I also have a test system with one million Photos (for this we have a 64 Bit engine but I have not tried it yet with V2.2.xx)

andrii0lomakin commented 7 years ago

@EricSchreiner I see I suppose I can help you to run a database without -xx:maxdirectmemory set. But now we are busy. I will be back to this issue on next Tuesday.

EricSchreiner commented 7 years ago

OK

taburet commented 7 years ago

Hi @EricSchreiner,

There are basically only three options that affect/limit the memory usage of OrientDB:

  1. -Xmx limits the heap size, as we all know. Usually, if not provided, it's auto-configured by JVM to some reasonable default. May be configured only from the JVM args, OrientDB can't control it.

  2. -XX:MaxDirectMemorySize limits the amount of the off-heap "direct" memory JVM may allocate. Usually, if not provided, it's auto-configured by JVM to the value of -Xmx. May be configured only from the JVM args, OrientDB can't control it.

  3. -Dstorage.diskCache.bufferSize, aka OGlobalConfiguration#DISK_CACHE_SIZE, limits the disk cache size of OrientDB. Auto-configured by OrientDB to the value of Xmx if XX:MaxDirectMemorySize is not provided, otherwise it's configured to max(machine_memory_size - Xmx - 2GB, 256MB) and upper-limited to the value of XX:MaxDirectMemorySize. Minimum supported value is 64MB. Note, that is not a hard limit, if the disk cache is full and non of its memory can be freed, the so called small overflow buffers will be allocated. Setting the disk cache size to extremely low values while performing huge queries will not help, especially in case of update/insert queries.

The disk cache allocates memory from JVM's off-heap "direct" memory.
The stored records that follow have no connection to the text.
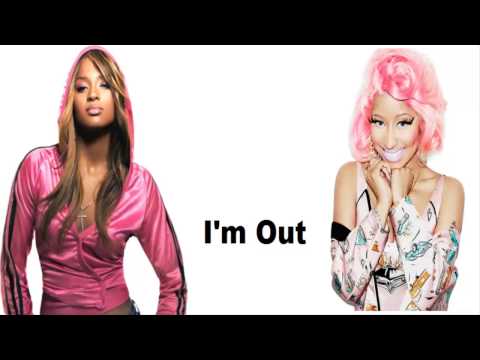 Ciara - I'm Out (Explicit) Ft. Nicki Minaj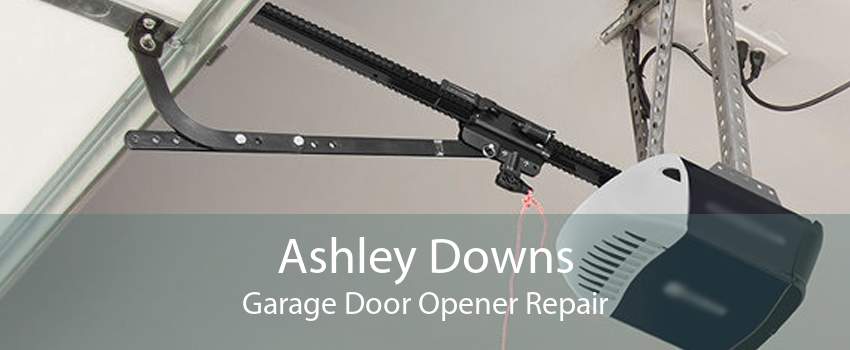 Ashley Downs Garage Door Opener Repair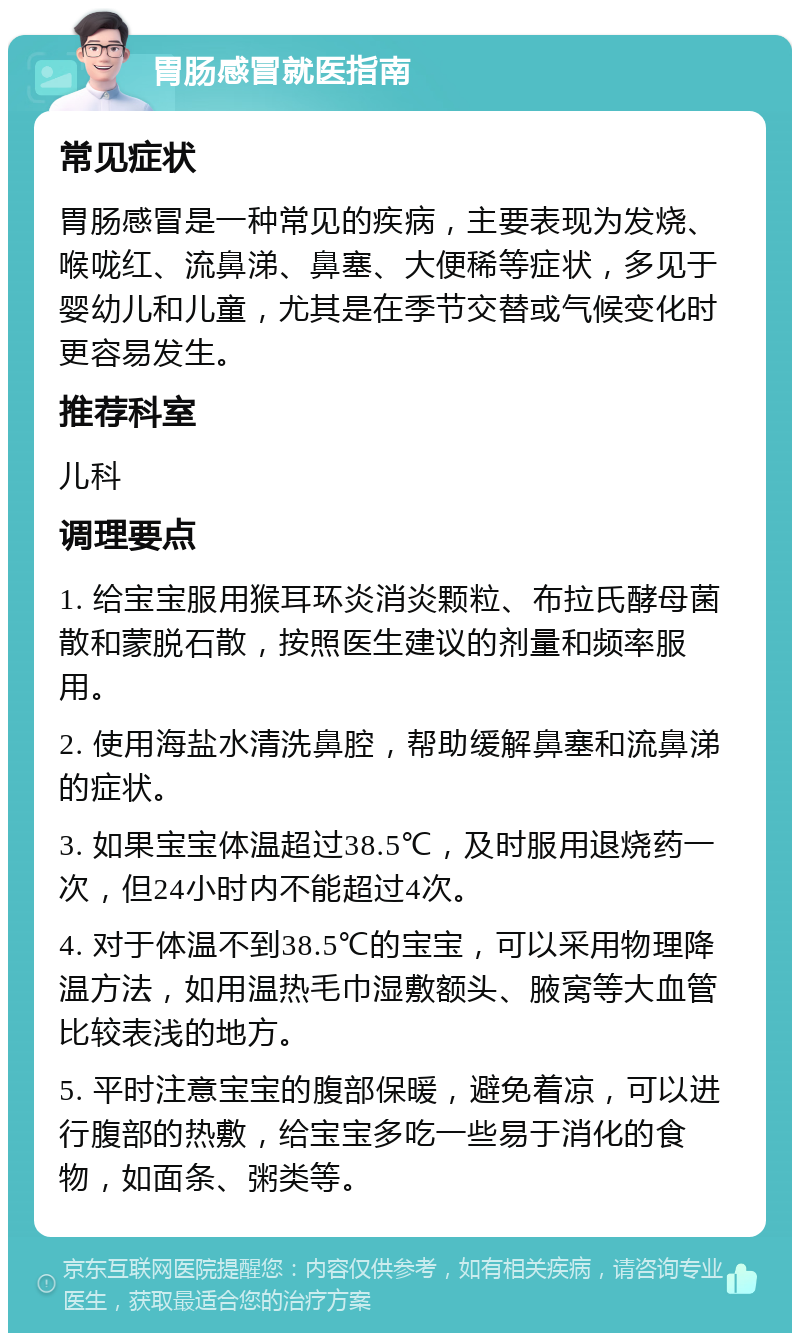 胃肠感冒就医指南 常见症状 胃肠感冒是一种常见的疾病，主要表现为发烧、喉咙红、流鼻涕、鼻塞、大便稀等症状，多见于婴幼儿和儿童，尤其是在季节交替或气候变化时更容易发生。 推荐科室 儿科 调理要点 1. 给宝宝服用猴耳环炎消炎颗粒、布拉氏酵母菌散和蒙脱石散，按照医生建议的剂量和频率服用。 2. 使用海盐水清洗鼻腔，帮助缓解鼻塞和流鼻涕的症状。 3. 如果宝宝体温超过38.5℃，及时服用退烧药一次，但24小时内不能超过4次。 4. 对于体温不到38.5℃的宝宝，可以采用物理降温方法，如用温热毛巾湿敷额头、腋窝等大血管比较表浅的地方。 5. 平时注意宝宝的腹部保暖，避免着凉，可以进行腹部的热敷，给宝宝多吃一些易于消化的食物，如面条、粥类等。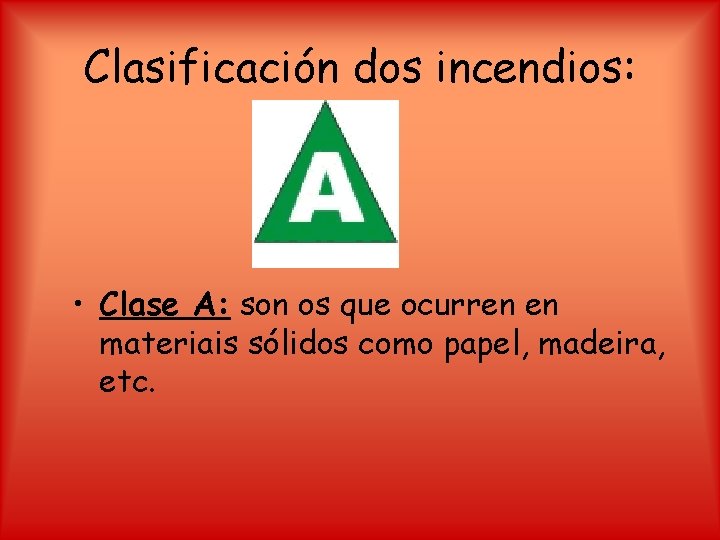 Clasificación dos incendios: • Clase A: son os que ocurren en materiais sólidos como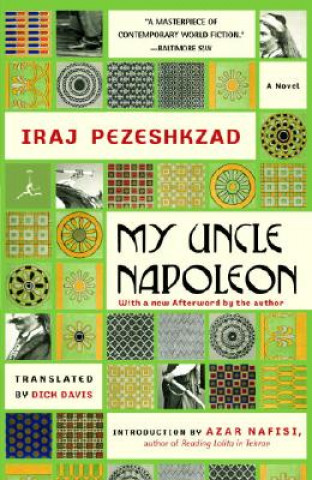 Könyv My Uncle Napoleon Iraj Pezeshkzad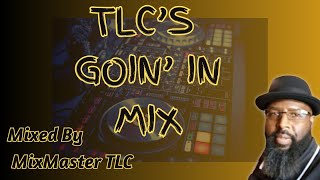 TLC Goin in mix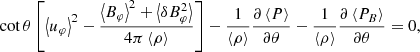 $$ \begin{aligned}&\cot \theta \left[\left\langle u_\varphi \right\rangle ^2-\frac{\left\langle B_\varphi \right\rangle ^2 +\left\langle {\delta } B_\varphi ^2 \right\rangle }{4\pi \left\langle \rho \right\rangle }\right]-\frac{1}{\left\langle \rho \right\rangle }\frac{\partial \left\langle P \right\rangle }{\partial \theta }-\frac{1}{\left\langle \rho \right\rangle }\frac{\partial \left\langle P_B \right\rangle }{\partial \theta }=0, \end{aligned} $$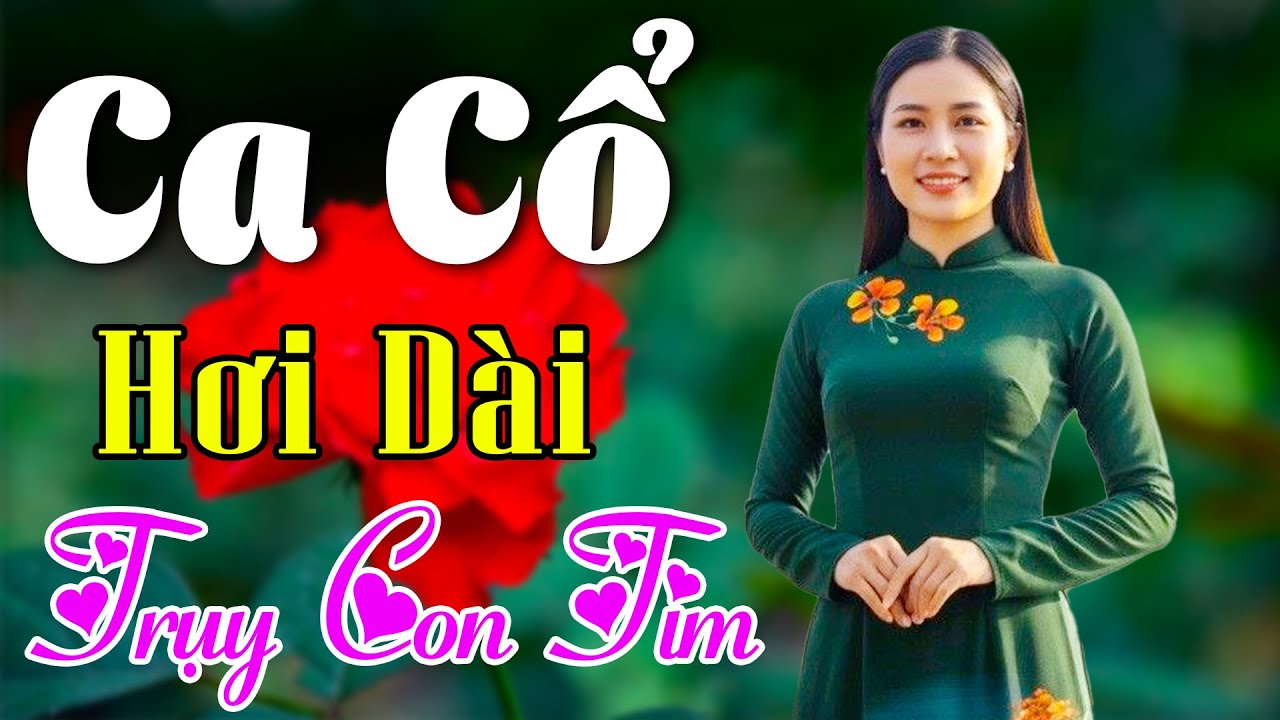 Vừa Nằm Vừa Nghe Ca Cổ Cải Lương Hơi Dài Dễ Ngủ - Ca Cổ Cải Lương Xưa TRỤY CON TIM🌹Ca Cổ Tân Thời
So to avoid OOMs DISK_CACHE_SIZE <= XX:MaxDirectMemorySize inequality must always hold and Xmx + DISK_CACHE_SIZE + memory_reserved_by_os_and_other_processes <= machine_memory_size must also hold.

Regarding your test box with less than 2GB of RAM mentioned in the emails. Try to set Xmx to 512MB and remove all other options. -XX:MaxDirectMemorySize will be auto-configured to 512MB by JVM, DISK_CACHE_SIZE will be auto-configured to 512MB by OrientDB. Total memory consumption of OrientDB must be around 1GB, that should leave enough RAM to the OS and other processes. But still it's better to have -XX:MaxDirectMemorySize and DISK_CACHE_SIZE set to explicit values according the the aforementioned inequalities.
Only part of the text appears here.